===== GIVEN ENTRIES =====

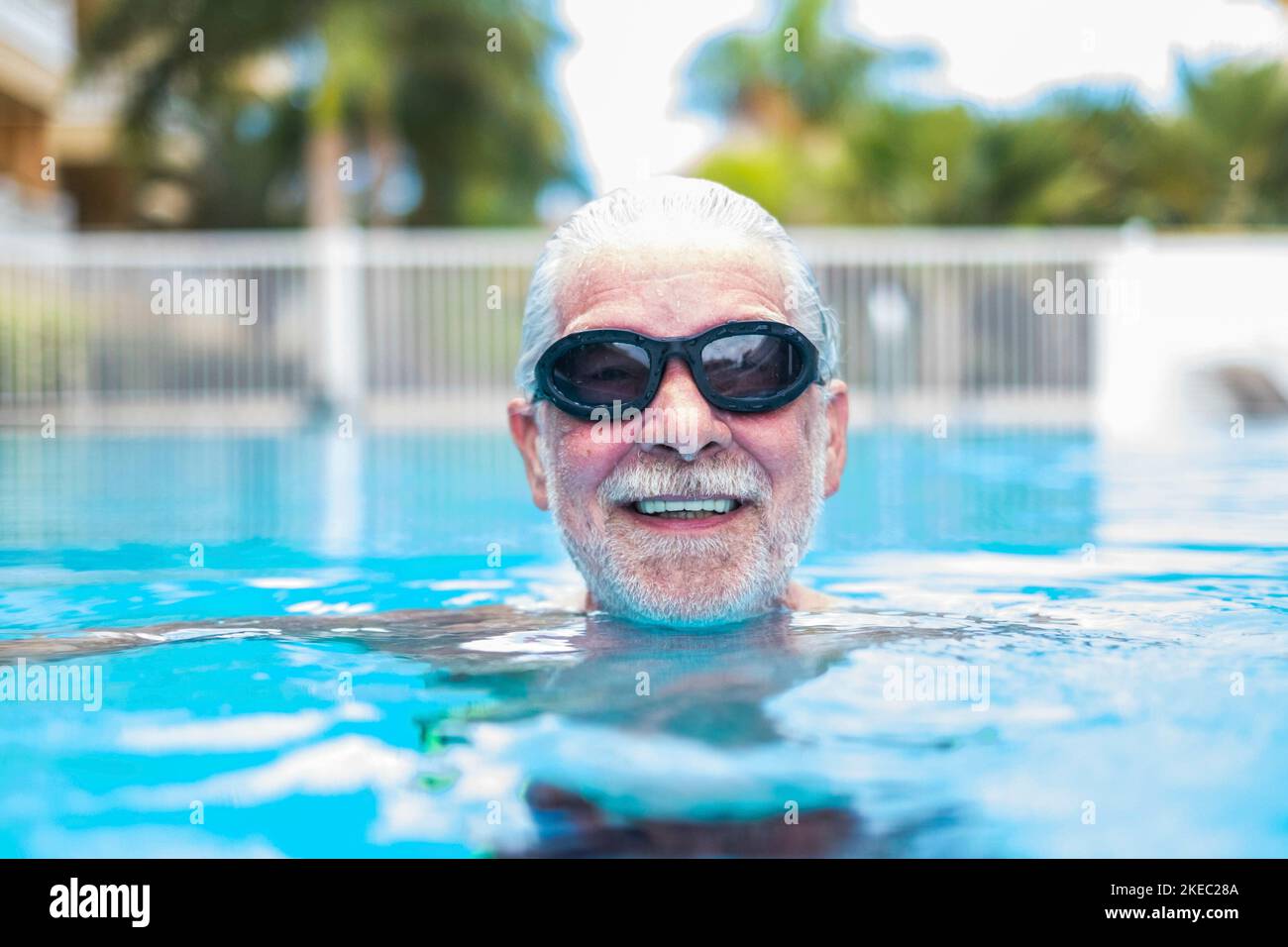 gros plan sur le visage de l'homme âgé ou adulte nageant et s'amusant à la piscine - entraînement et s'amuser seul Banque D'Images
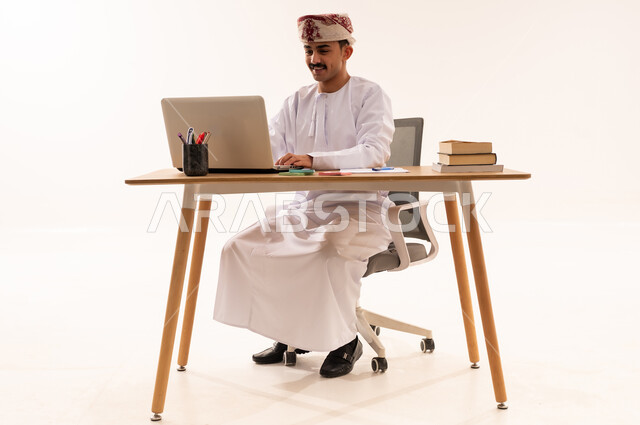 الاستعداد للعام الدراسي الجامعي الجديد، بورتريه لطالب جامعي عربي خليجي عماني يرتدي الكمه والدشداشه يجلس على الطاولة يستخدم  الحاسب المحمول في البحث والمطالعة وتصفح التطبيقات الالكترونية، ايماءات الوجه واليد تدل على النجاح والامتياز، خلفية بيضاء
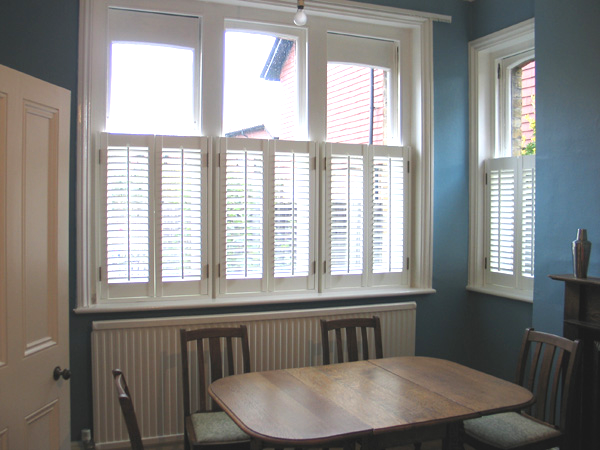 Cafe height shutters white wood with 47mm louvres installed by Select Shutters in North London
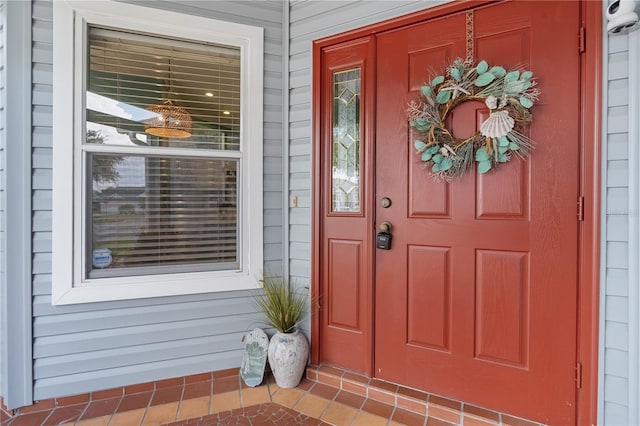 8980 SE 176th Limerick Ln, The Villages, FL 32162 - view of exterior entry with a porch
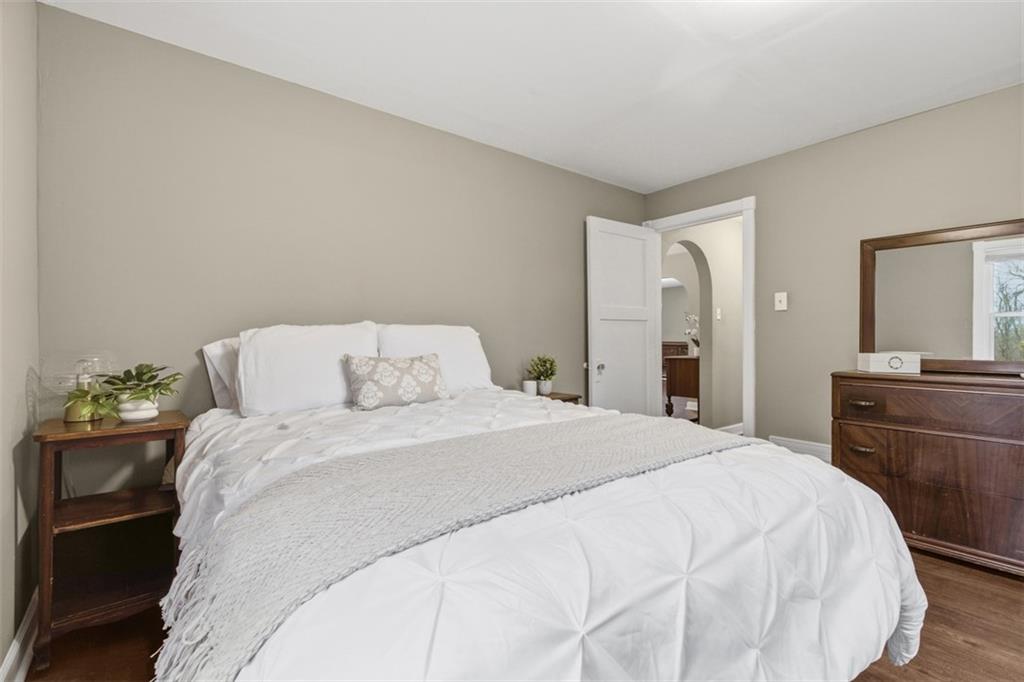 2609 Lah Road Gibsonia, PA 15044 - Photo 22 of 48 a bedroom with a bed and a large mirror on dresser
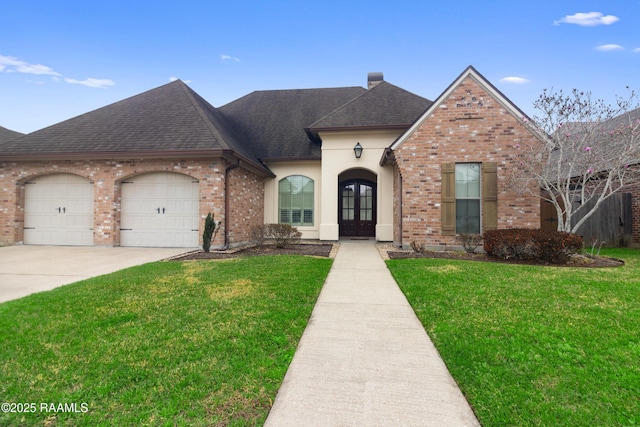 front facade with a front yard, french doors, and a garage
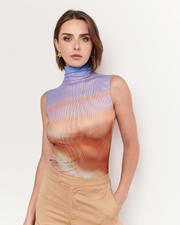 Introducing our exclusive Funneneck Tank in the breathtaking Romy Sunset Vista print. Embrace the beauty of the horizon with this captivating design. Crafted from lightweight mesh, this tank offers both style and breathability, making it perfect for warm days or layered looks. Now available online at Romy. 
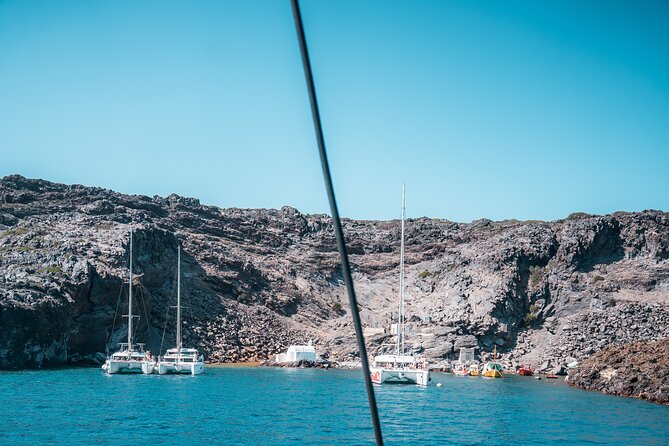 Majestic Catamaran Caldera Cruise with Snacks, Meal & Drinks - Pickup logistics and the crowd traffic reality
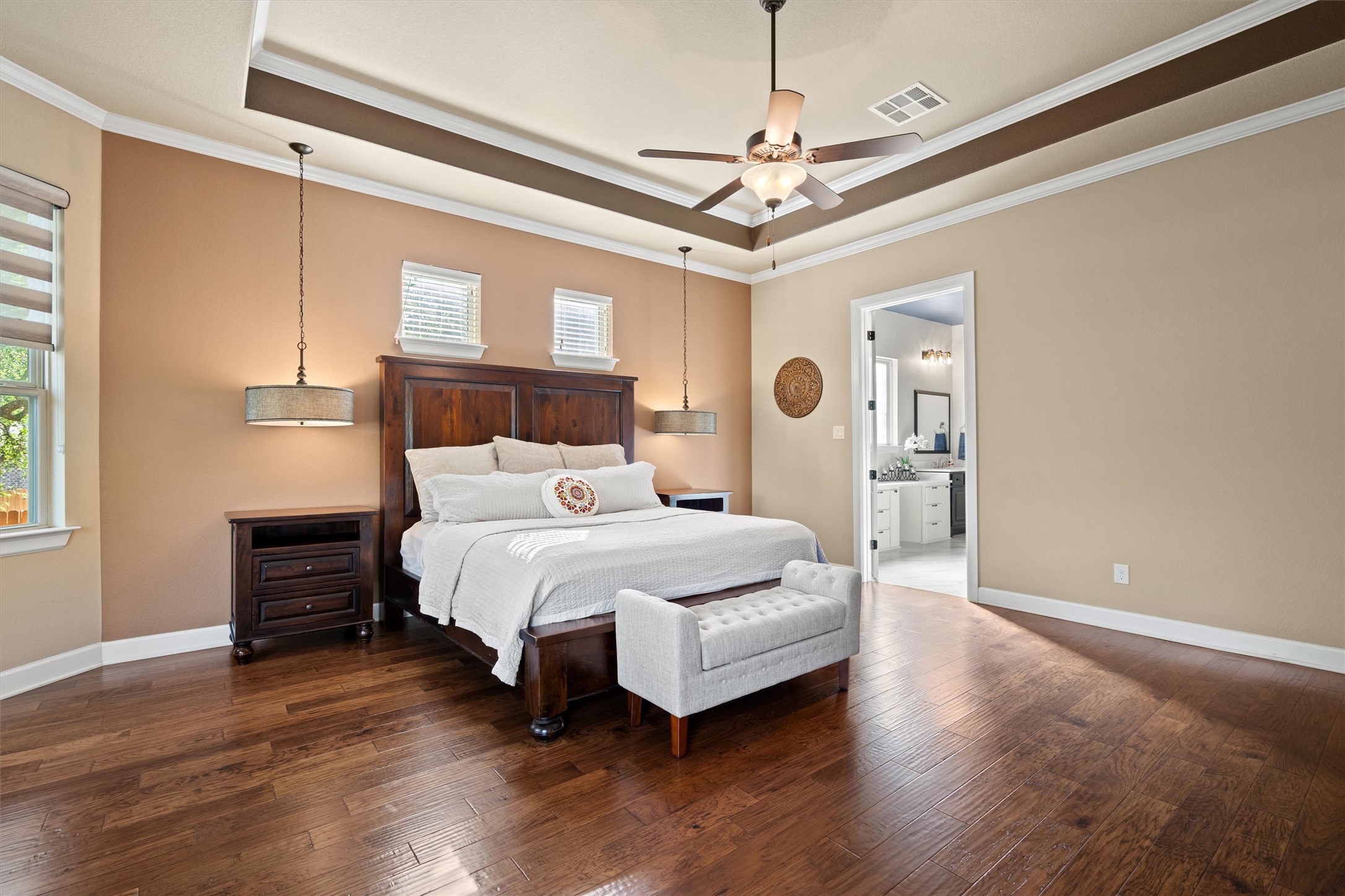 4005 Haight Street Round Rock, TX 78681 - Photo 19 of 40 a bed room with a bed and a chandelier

=====

- ASSIGNMENT -
With the pictures excluded, retype exactly the lines from the one containing "Introducing our exclusive" through the last line of the listing, both ends included.

- RESULT -
 Introducing our exclusive Funneneck Tank in the breathtaking Romy Sunset Vista print. Embrace the beauty of the horizon with this captivating design. Crafted from lightweight mesh, this tank offers both style and breathability, making it perfect for warm days or layered looks. Now available online at Romy. 
 Majestic Catamaran Caldera Cruise with Snacks, Meal & Drinks - Pickup logistics and the crowd traffic reality
 4005 Haight Street Round Rock, TX 78681 - Photo 19 of 40 a bed room with a bed and a chandelier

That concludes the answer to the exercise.